> What to work on
In the entries below, find the line with "Rechteckiger Hochflor-Teppich in" and the line with "Image showing young students writing notes"; copy them and every line between them exactly, but not the pictures.

> Materials provided
--*--

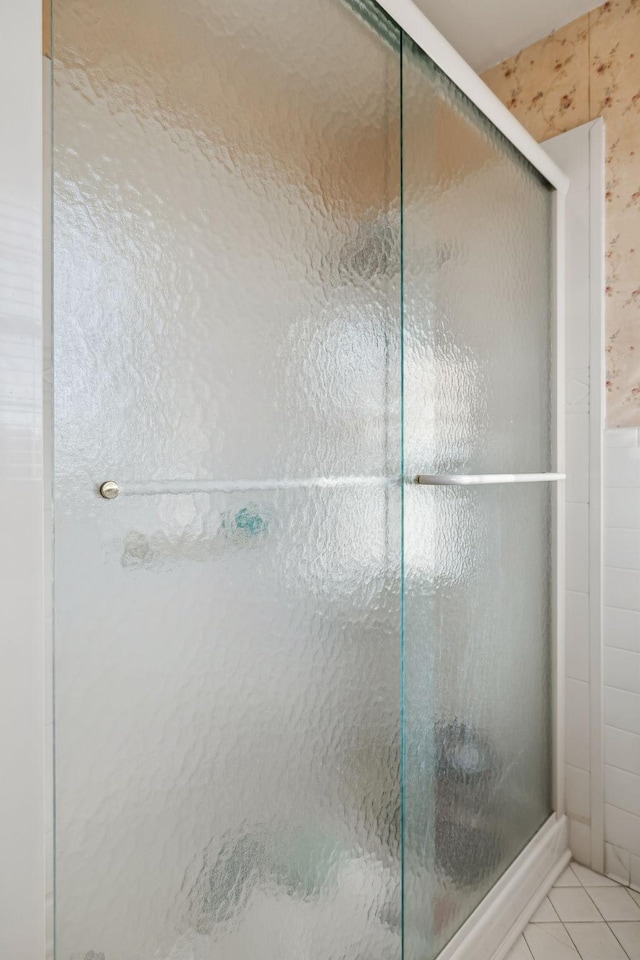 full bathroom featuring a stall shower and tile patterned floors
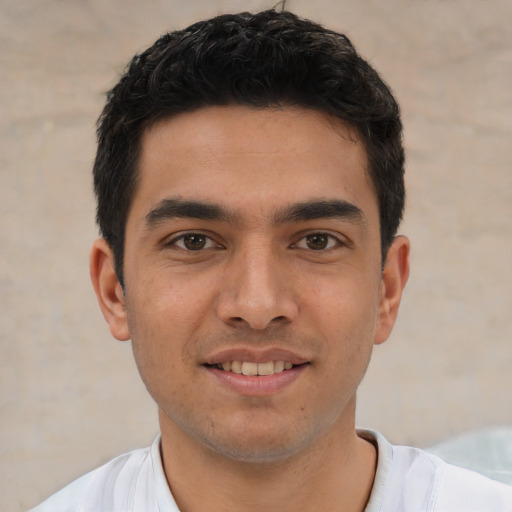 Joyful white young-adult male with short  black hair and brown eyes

--*--

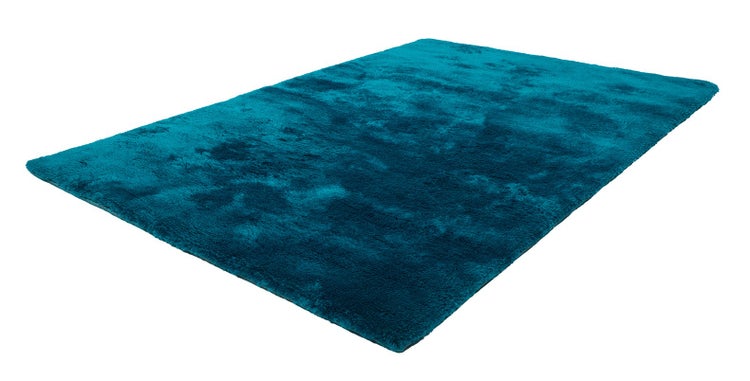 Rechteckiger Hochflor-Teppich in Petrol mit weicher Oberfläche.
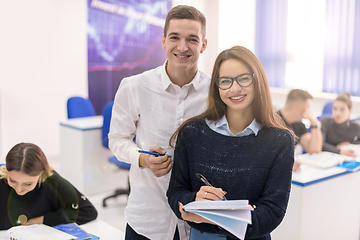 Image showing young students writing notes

--*--

> Solution to this task
 Rechteckiger Hochflor-Teppich in Petrol mit weicher Oberfläche.
 Image showing young students writing notes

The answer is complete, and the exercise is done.